De vez en cuando, hacía trabajillos que le dejaban unas
monedas. Sabía coser, tejer y cocinar bien, por eso aprovechaba que algunos
vecinos se vieran en penurias para ofrecerles su ayuda. La gente la quería
bastante por su buen carácter. El optimismo era lo que la mantenía a flote en
las aguas agitadas en las que mantenía su barca. A pesar del peso de su marido,
ella sabía cómo dirigir los remos y las cosas iban bien gracias a su clara
visión. Con un monto de dinero suficiente para vivir unos años sin trabajar,
Mauro pensó poner una pequeña tienda de abarrotes, que sería atendida por su
mujer, mientras él se encargaría de mantener el abastecimiento.
Se llevó a cabo el
negocio. Compraron en un mercado un pequeño local. Lo resanaron, lo pintaron y
lo decoraron para que llamara la atención.
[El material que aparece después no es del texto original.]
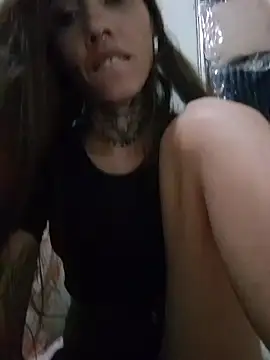 Snapshot of casalskunk chatting on June 9, 11:06 pm casalskunk online show from June 9, 11:06 pm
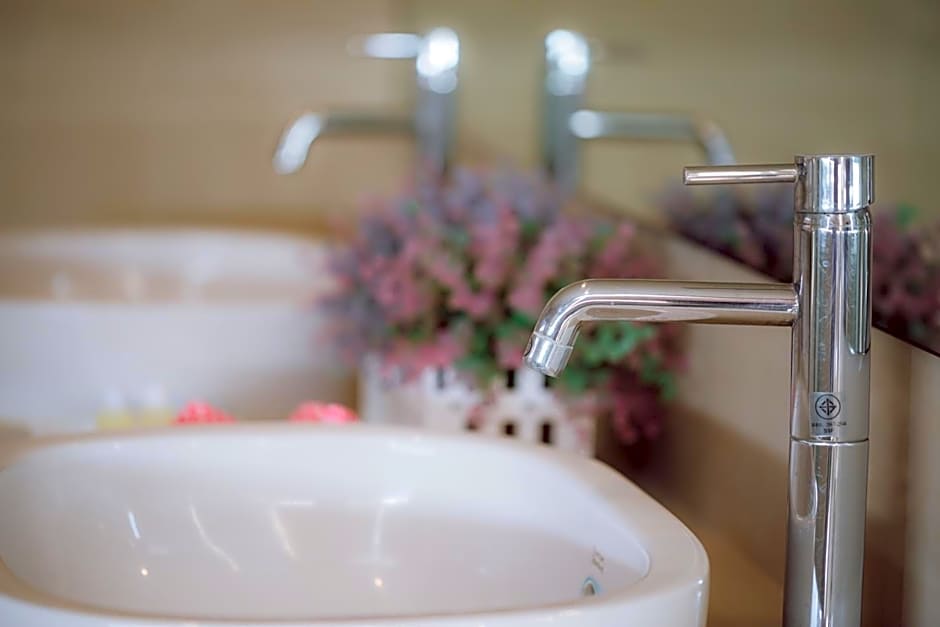 Morakot Twin Chumphon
Trataron de ocultar su identidad por
unos meses, pero una anciana que tenía una memoria fotográfica envidiable
comenzó a llamar a Mauro “El afortunado”, la gente no se decidía a creerlo,
pero la vieja no tenía reparo en afirmarlo durante sus largas tertulias
vespertinas en la plaza donde se reunía la gente todos los días. Así fue como
sin querer se le denominó para siempre. —Ahí viene “El afortunado”—decían los
niños señalándolo con el dedo. Al final, hasta tuvo que ponerle a su negocio su
apodo. Se acostumbró con el tiempo a su mote y ya no reaccionaba cuando lo
llamaban por su nombre. Esto fue un hecho maléfico, pues en una ocasión lo vio
una de sus ex amantes y lo llamó por su nombre, pero él no hizo caso de la
mujer que se alejó en su destartalado coche pitándole con el claxon. Un día otra
dama se presentó cuando Mauro estaba atendiendo porque Adelina se sentía un
poco mala y lo había llamado para ocuparse de las ventas. Tenía ocho meses y
medio de embarazo y la pesadez de la condición de madre primeriza y no muy
joven le había causado estragos. Se había mareado mucho y estaba sentada
tratando de recuperarse.
Mauro no pudo cerrar
porque apareció la clienta. «Mira
¡Qué casualidad!!Dónde te vengo a encontrar! Hacía tanto que no te veía,
cuéntame qué tal todo, ¿por qué dejaste de llamarme?» La voz era de Dolores, una de las más
extravagantes conocidas de Mauro. La había conocido cuando estaba entregando
unas mercancías en un supermercado. Intercambiaron algunas palabras y el
interés que sintieron fue mutuo. Él presentía que tenía enfrente a una mujer
sin prejuicios y ella pensaba que un tipo como Mauro era lo que necesitaba para
extrovertirse en todos los sentidos. Lola era muy abierta, pero tenía un enorme
defecto que la aislaba de los demás. Era su insensibilidad ante lo moral y
ético.
Estaba inmunizada contra la conciencia de la cual desconocía su
existencia. Esa tarde no pudo contener sus recuerdos y empezó a comentar los
magníficos encuentros que habían tenido, las pasiones desbordantes que los
habían consumido y, al entrar en detalles, las palabras le causaron tal dolor a
Adelina que empezó a parir en la silla en la que se encontraba. Un mar de
gritos desesperados llamó a Dios y a la ambulancia para que se llevaran a la
parturienta a la clínica de maternidad. En un arrebato de sorpresa, Lola se
subió junto con los demás en los coches para ver el final de la historia.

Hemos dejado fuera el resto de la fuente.